Overview of key proposed amendments to UK GDPR

The UK Information Commissioner’s Office media releases state the Data Protection and Digital Information Bill’s proposed amendments to UK data protection laws will “introduce a simple, clear and business-friendly framework that will not be difficult or costly to implement”.

The intents and claims for these amendments are summarized below.

1. Simpler UK GDPR compliance

Proponents of the amendments claim they will ‘cut pointless paperwork’ in current UK data protection laws by giving organizations more flexibility over how they meet compliance requirements.
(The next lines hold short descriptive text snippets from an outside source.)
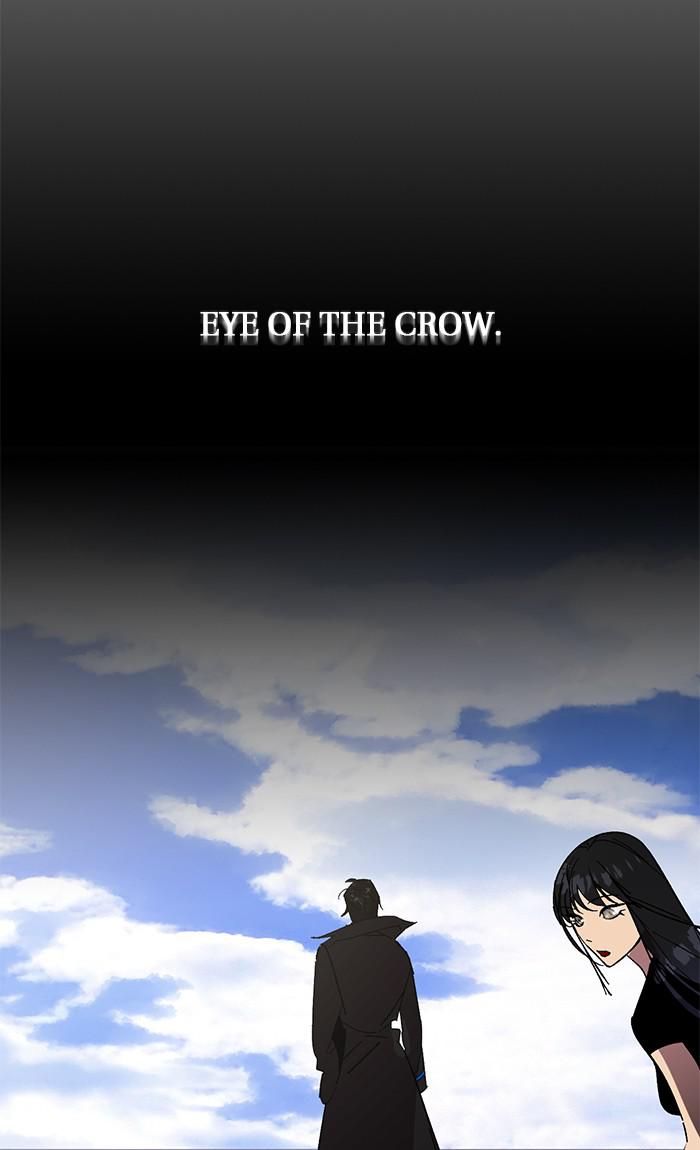 Return to Player Chapter 40 19
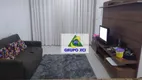 Foto 48 de Flat com 1 Quarto para venda ou aluguel, 50m² em Armação, Salvador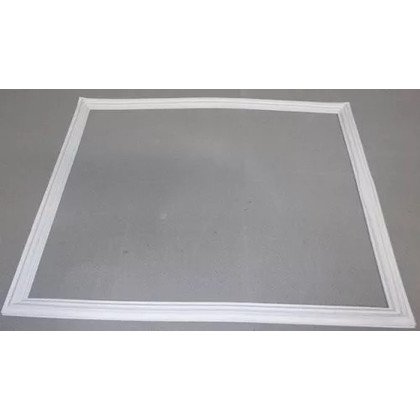 Uszczelka drzwi chłodziarki Beko 4668512400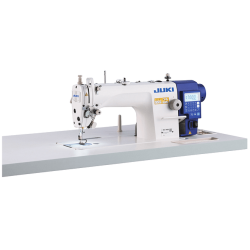 JUKI DDL-7000A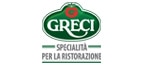 Logo_Greci
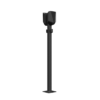 S-Line Easee 2-Way ladestolpe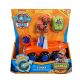 Spin Master Paw Patrol 6056930 Игровой набор Dino Rescue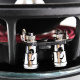 B² Audio RAGE 6P, 6,5-Zoll-Mitteltieftöner B² Audio RAGE 6P, 6,5-Zoll-Mitteltieftöner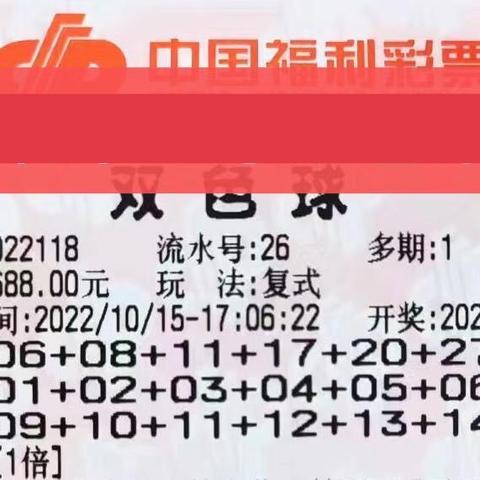 四肖期期准免费资料大全免|探索未来的幸运与机会_打包版.2.242
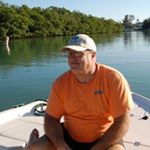 Profile Picture of gary spangler (@spangler6759) on Instagram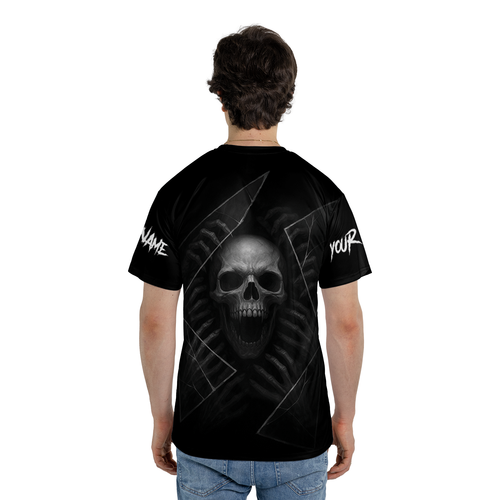 Mockup All over Print Unisex T shirt 2 (3).png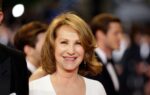 Nathalie Baye, French actor known for her warmth and versatility, dies at 77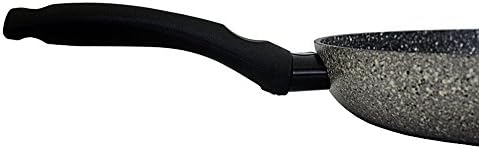 1FLN-PIVPS2070 Pt Viva 20 Cm Tava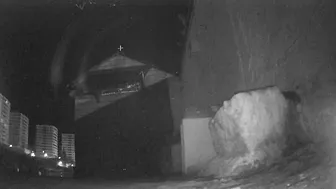 Galician Clip 518-520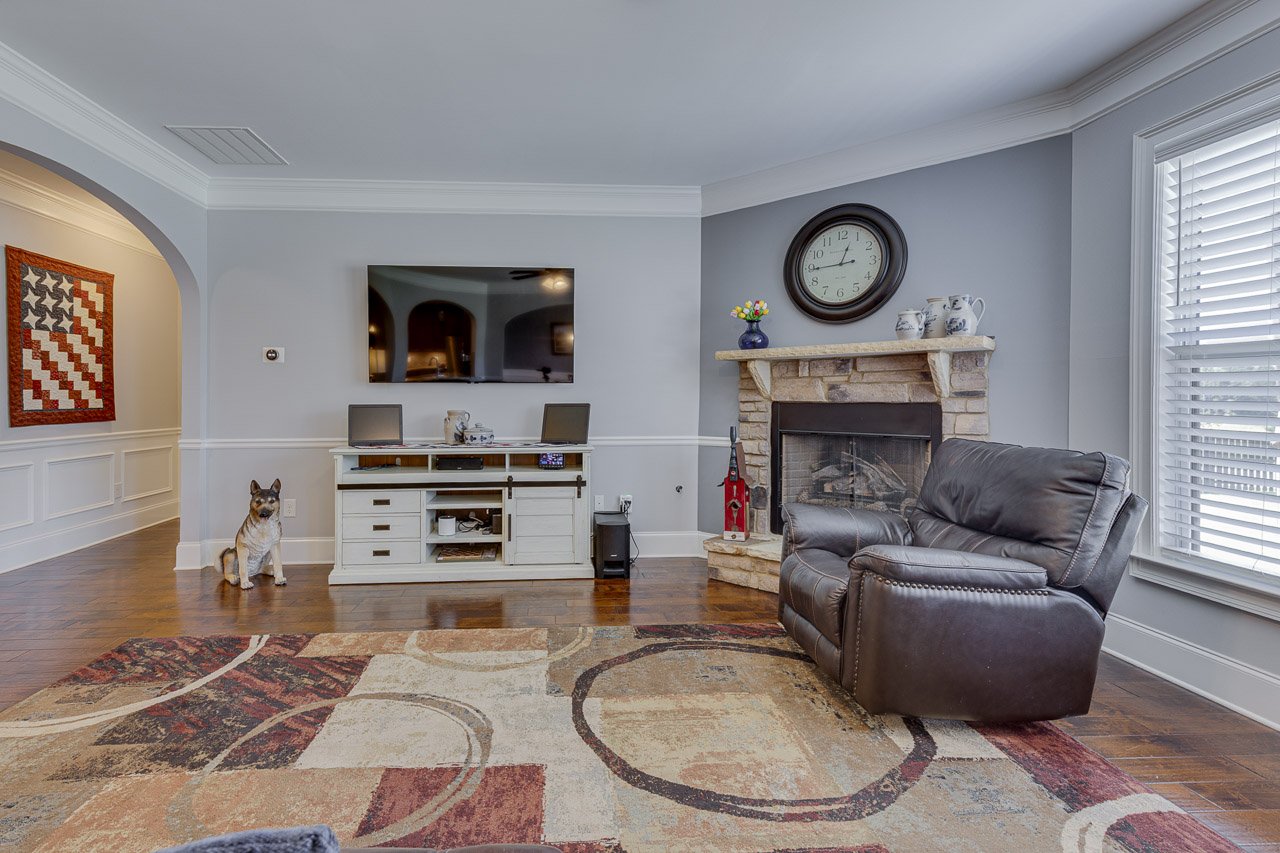 198 Harbrooke Circle Greer SC-34.jpg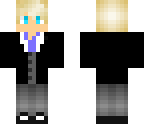butler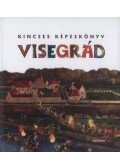 Zágoni Balázs - Kincses Képeskönyv - Visegrád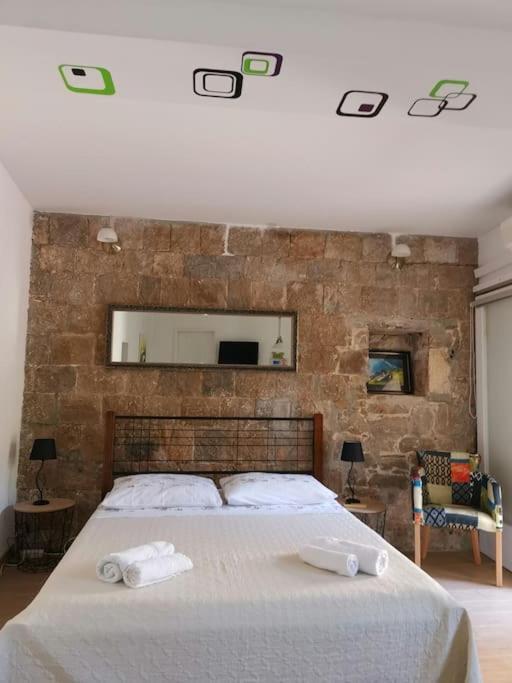 Apartments Doris Split Extérieur photo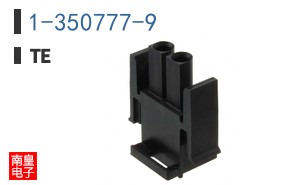 1-350777-9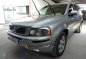 2012 Volvo XC90 for sale-0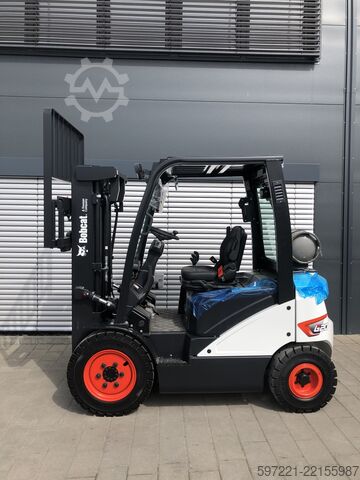 Venker Werkzeugmaschinen GmbH Venker Werkzeugmaschinen GmbH Venker Werkzeugmaschinen GmbH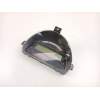 Recambio de cuadro instrumentos para citroën c2 1.1 g referencia OEM IAM 9660225780  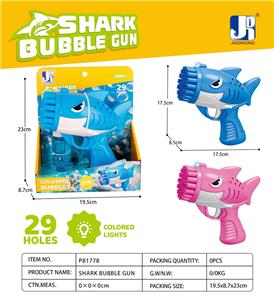 BUBBLE SET - OBL10160836
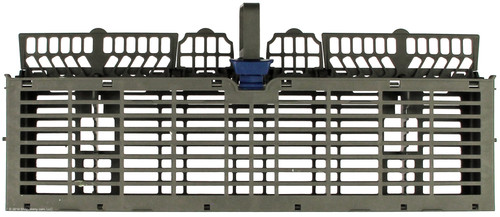 W11158804 Whirlpool Silverware Basket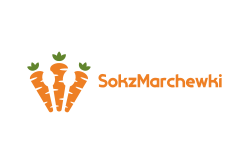 SokzMarchewki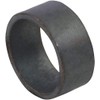 TMKOOL 100PCS 1" inch PEX Copper Crimp Rings for Pex
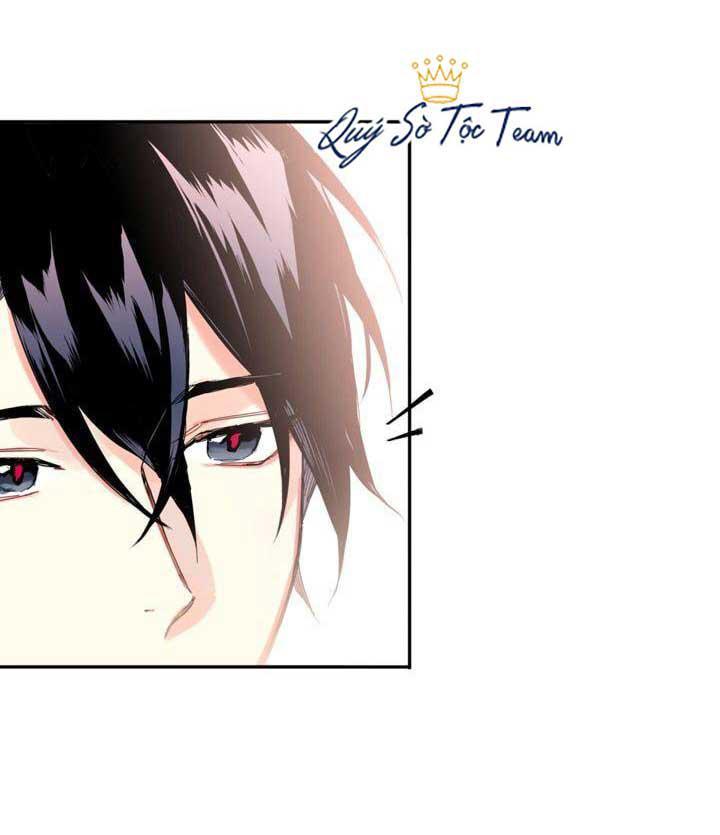 trọng sinh trở thành hoàng phi chapter 17 5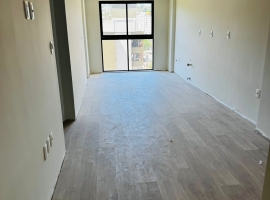 Edifício Vista Bela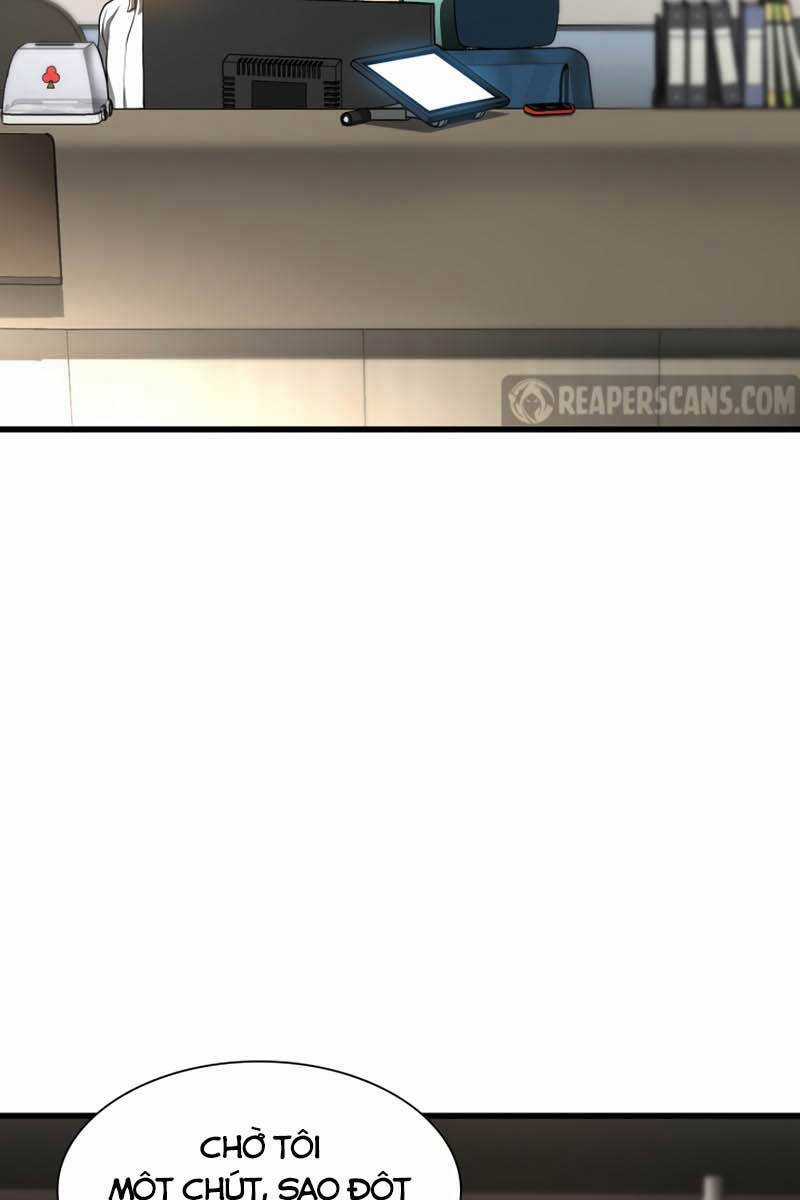 Bác Sĩ Hoàn Hảo Chapter 61 trang 74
The changes especially target reporting requirements under UK GDPR, which the Information Commissioner’s Officer noted were based on the existing EU GDPR’s “highly prescriptive, top-down approach to data protection regulation which can limit organizations’ flexibility to manage risks and places disproportionate burdens on small businesses.”

However, there is a caveat: organizations will need to appoint a member of senior management as ‘Senior Person Responsible’, a role which effectively replaces the previously required role of Data Protection Officer.

Claimed benefits: organizations will only need to maintain records of processing activities for personal data if those processing activities “pose high risks to individuals’ rights and freedoms”.

2. Continued compliance for international data transfers

The ICO states the reforms are also intended to ensure the UK maintains data adequacy with the EU and build international confidence in the UK’s data protection standards to support “the free flow of personal data between like-minded countries”.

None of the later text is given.